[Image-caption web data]
______________________________
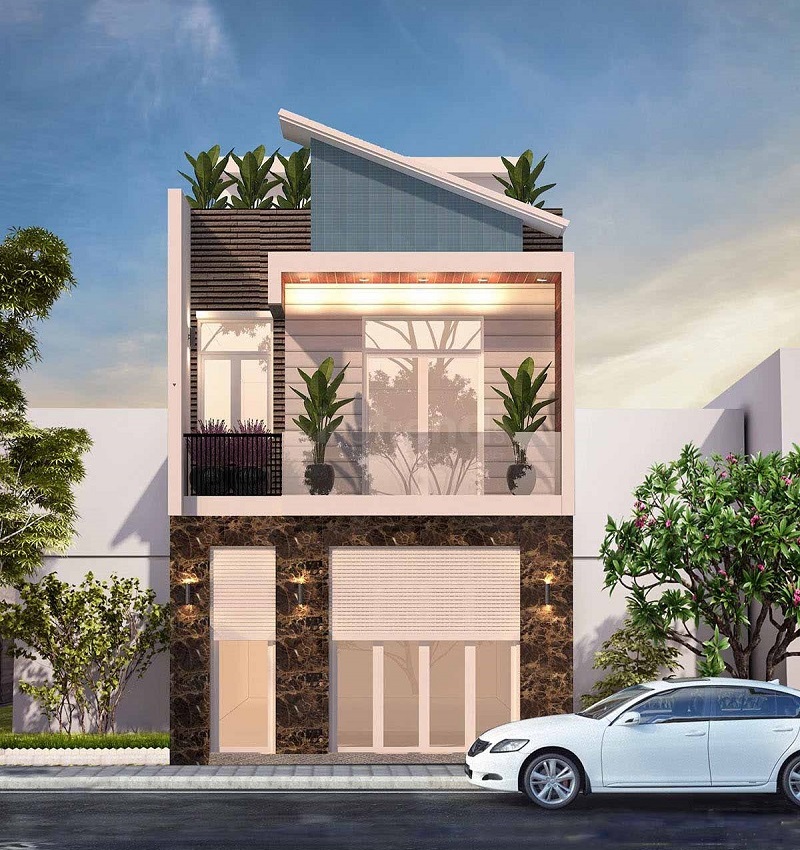 Mẫu thiết kế nhà ống 2 tầng mái lệch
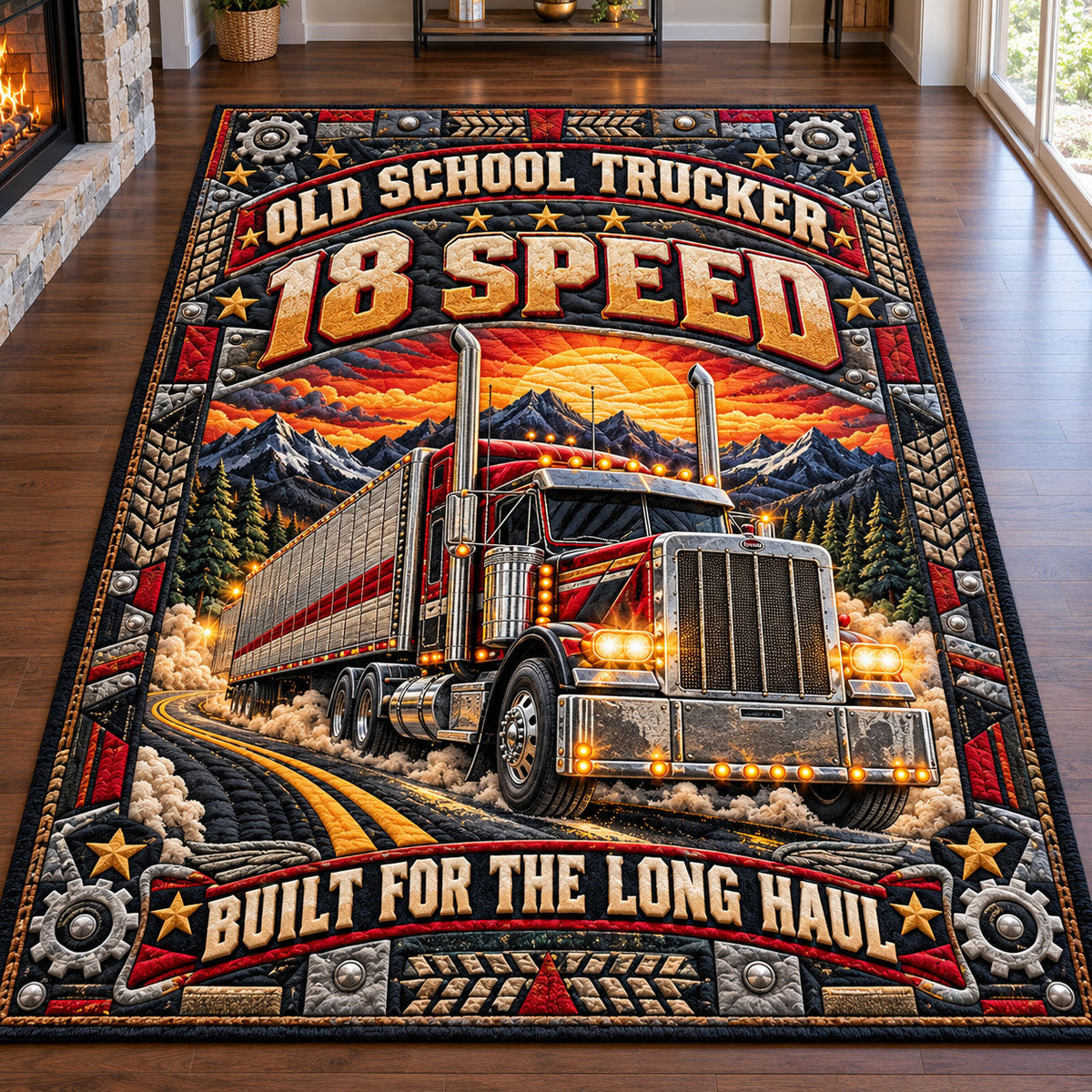 Trucker Life area rug in a living room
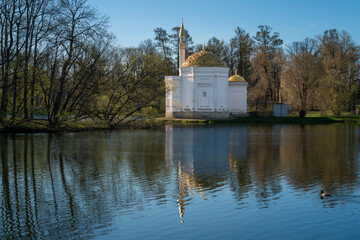 The pavilion of the Turkish Bath on the shore of a Large pond in the Catherine Park in Tsarskoye...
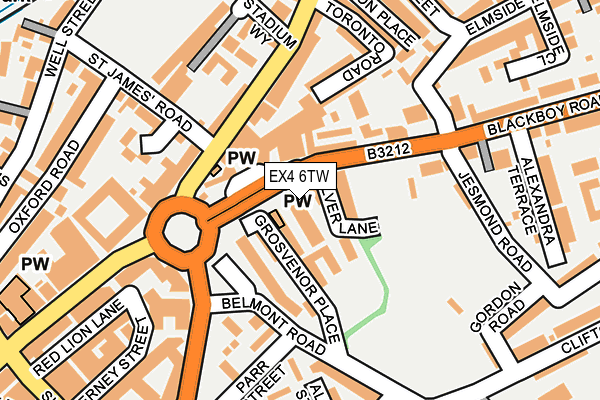 EX4 6TW map - OS OpenMap – Local (Ordnance Survey) EX4 6TW map - OS OpenMap – Local (Ordnance Survey)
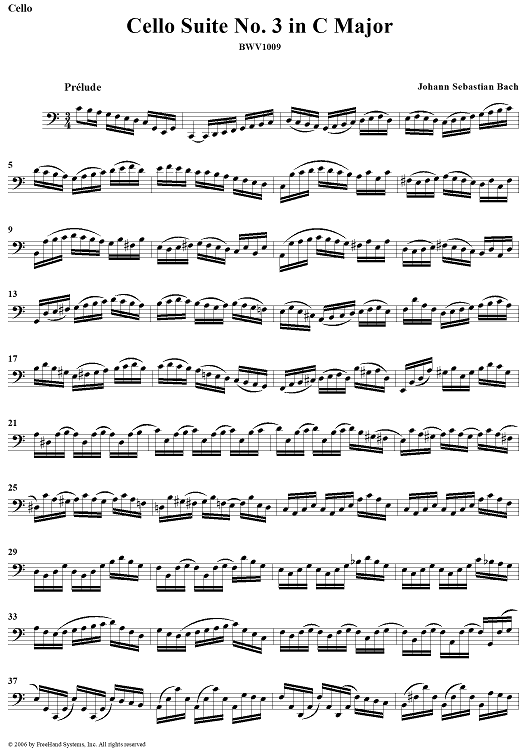 Cello Suite No. 3 in C Major (Unaccompanied)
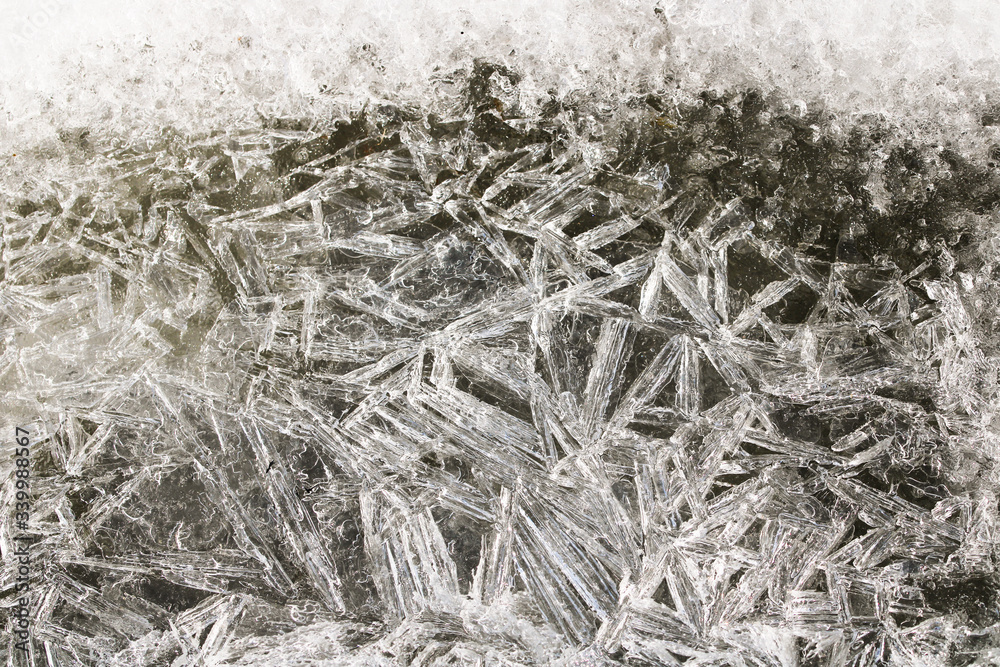 Spring ice surface. Spring ice surface.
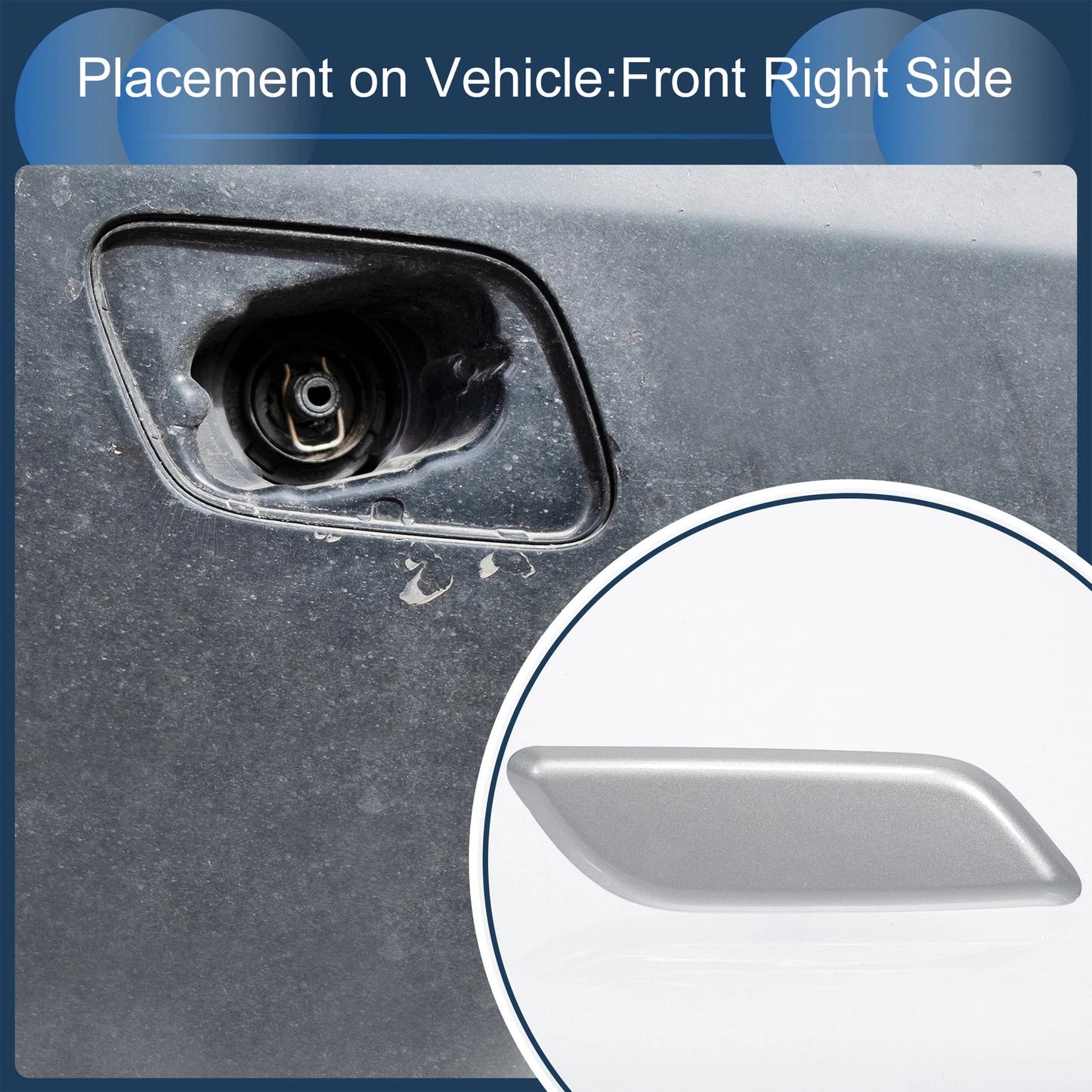 Front Right Washer Nozzle Cover for Honda Accord VIII 2011-2013 Silver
______________________________
Except for the pictures, give the data again word for word.

 Mẫu thiết kế nhà ống 2 tầng mái lệch
 Trucker Life area rug in a living room
 The pavilion of the Turkish Bath on the shore of a Large pond in the Catherine Park in Tsarskoye...
 EX4 6TW map - OS OpenMap – Local (Ordnance Survey) EX4 6TW map - OS OpenMap – Local (Ordnance Survey)
 Cello Suite No. 3 in C Major (Unaccompanied)
 Spring ice surface. Spring ice surface.
 Front Right Washer Nozzle Cover for Honda Accord VIII 2011-2013 Silver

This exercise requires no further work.